Fin de l’introduction .

Seul un rêve pouvait rassembler une telle foule, seul un rêve pouvait la pousser vers l’avant pendant deux mille miles, à travers les régions les plus sauvages et les plus désertiques de la planète. 
Pour indiquer le chemin à ces milliers de gens se déplaçait jour et nuit devant eux un mirage doré, une colonne de feu : « L’OR ! C’était leur but commun, leur quête à tous :  » L’or ! Le pays de l’Or ».

Le monde change.

On entendait parler de tant d’escroqueries et de poudre aux yeux, en Amérique. Ces derniers temps, le Territoire avait vu arriver une foule de paresseux refusant de cultiver la terre et se contentant d’en faire commerce. Ils voulaient être riches sans travailler, tout comme Robert. C’étaient des parasites qui tentaient de vivre aux dépens des pionniers travailleur, de même que les poux suçaient le sang des êtres humains. Il était toujours fâché d’entendre parler de ces paresseux de marchand de terre, installés çà et là, dont on ne pouvait se débarrasser. Le Territoire n’était pas encore organisé de façon satisfaisante : le pays était trop grand, les cultivateurs trop peux nombreux, les paresseux et les filous en trop grande quantité, au contraire.
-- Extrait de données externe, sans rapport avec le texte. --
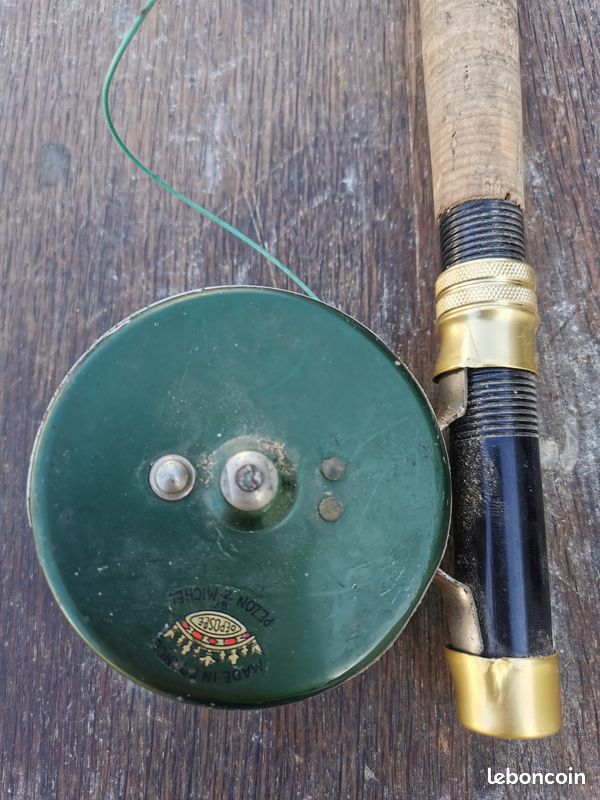 Canne à Pêche à La Mouche Vintage 101 - Avec Moulinet - Matériel De Pêche Rétro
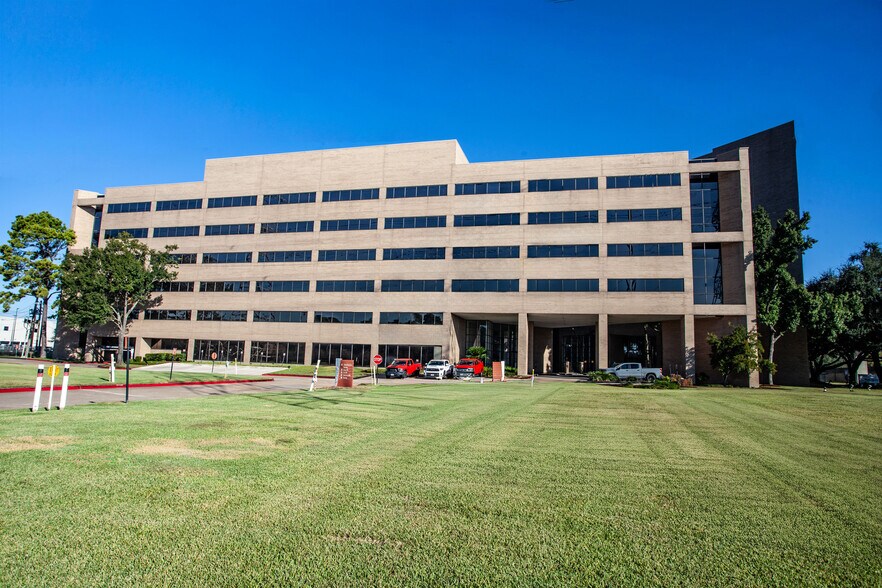 More Photos Of , Houston Office For Sale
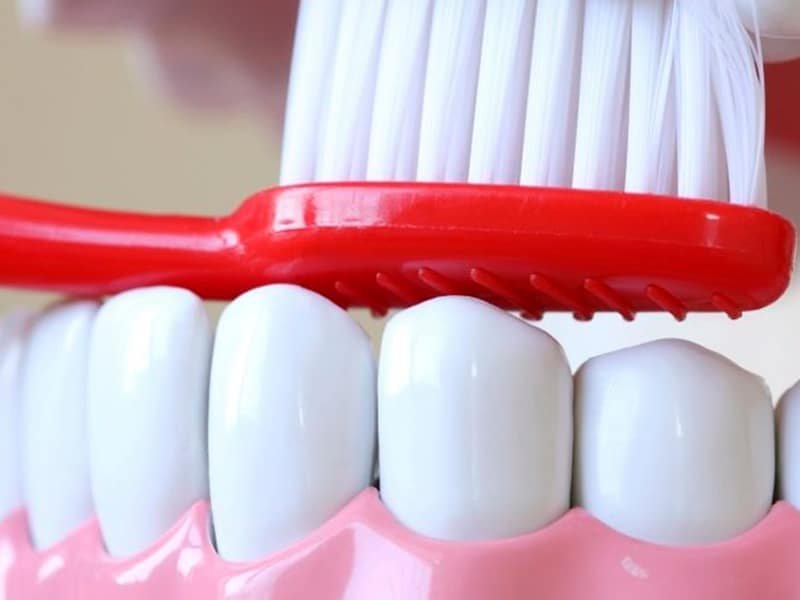 La forma correcta de cepillarse los dientes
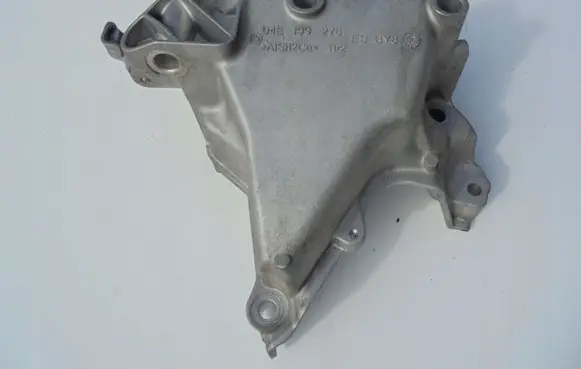 Volkswagen Golf VII Engine mounting bracket 04E199275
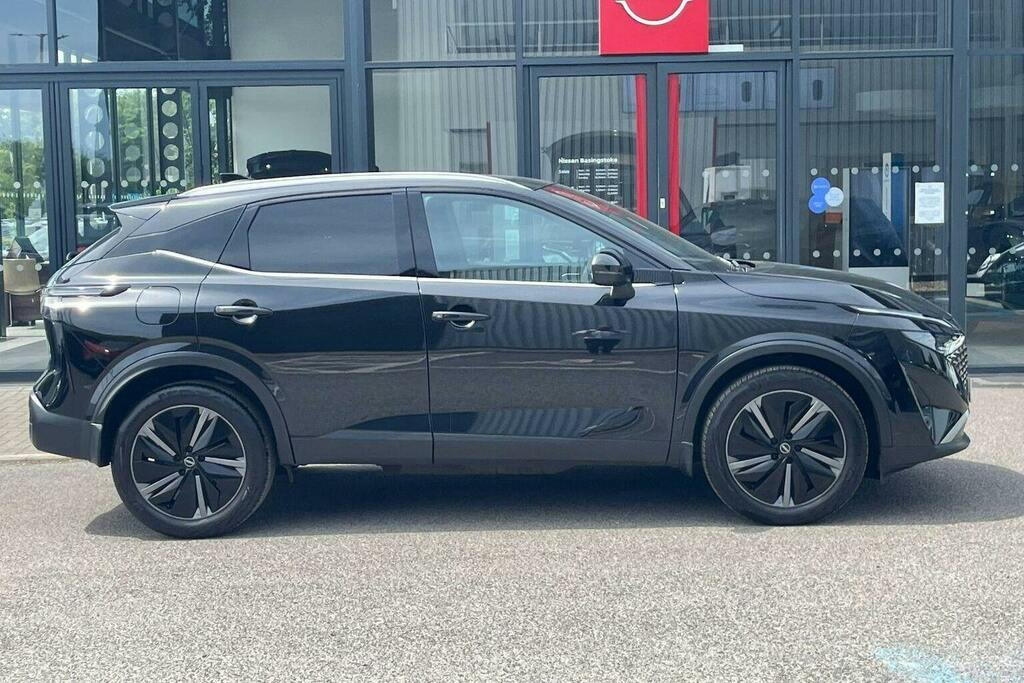 Nissan Qashqai 1.3 Dig T Mhev Tekna Suv Hybrid RV25JEO Black #2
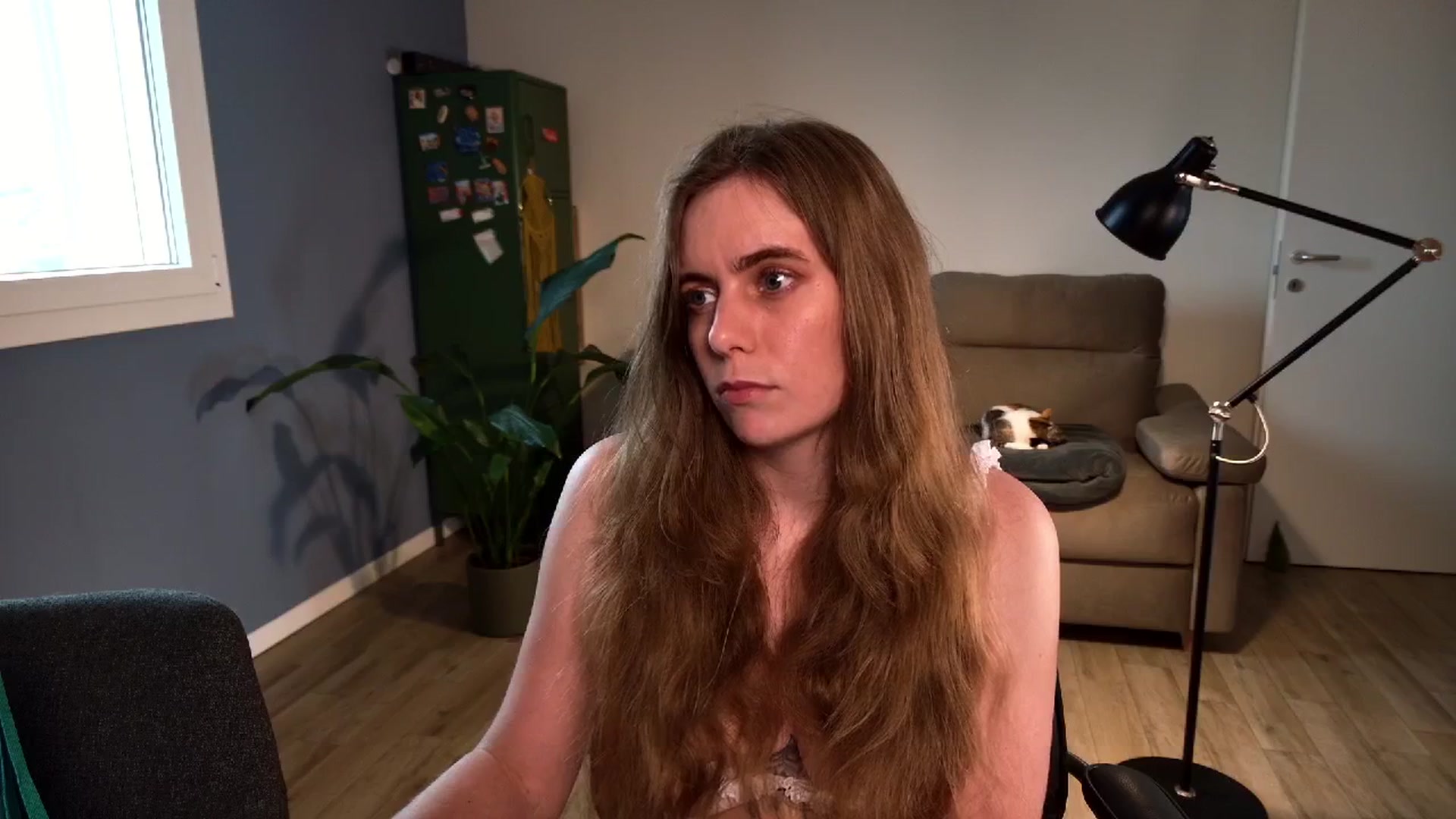 Gallery image thumbnail from Personage's myfreecams stream on, 04/14/2026, 16:25 image 4 of 20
L’histoire du Grand Hôtel de grand City.

La salle à manger sentait le renfermé et le moisi et il ne put s’empêcher de dire à son ami qu’il avait un peu le sentiment de se trouver dans une cave.
– C’est exact. Le Grand Hôtel était une cave à pomme de terre, originellement, répondit fièrement Fred.
Il poursuivit en racontant l’étrange et noble histoire de l’établissement : la maison était un monument historique, car c’était le plus ancien édifice encore en existence dans la ville. Elle datait déjà de quatre ans. Il avait d’ailleurs l’intention de mettre un écriteau pour le proclamer à la face du monde.

La monnaie dans un trop vaste pays encore en construction.

L’Indiana State Bank de Bloomfield, qui avait émis ces billets, avait disparu depuis plusieurs années déjà. C’était sans doute la raison pour laquelle elle ne figurait pas sur la liste des établissements malhonnêtes publiées dans le journal : elle n’existait plus. On ne trouvait plus les billets qu’elle avait mis en circulation dans cette partie de l’Amérique, uniquement dans les régions de l’ouest les plus éloignées, avait dit le directeur, avant d’ajouter que seuls des immigrants suédois et autres étrangers pouvaient se laisser abuser de la sorte.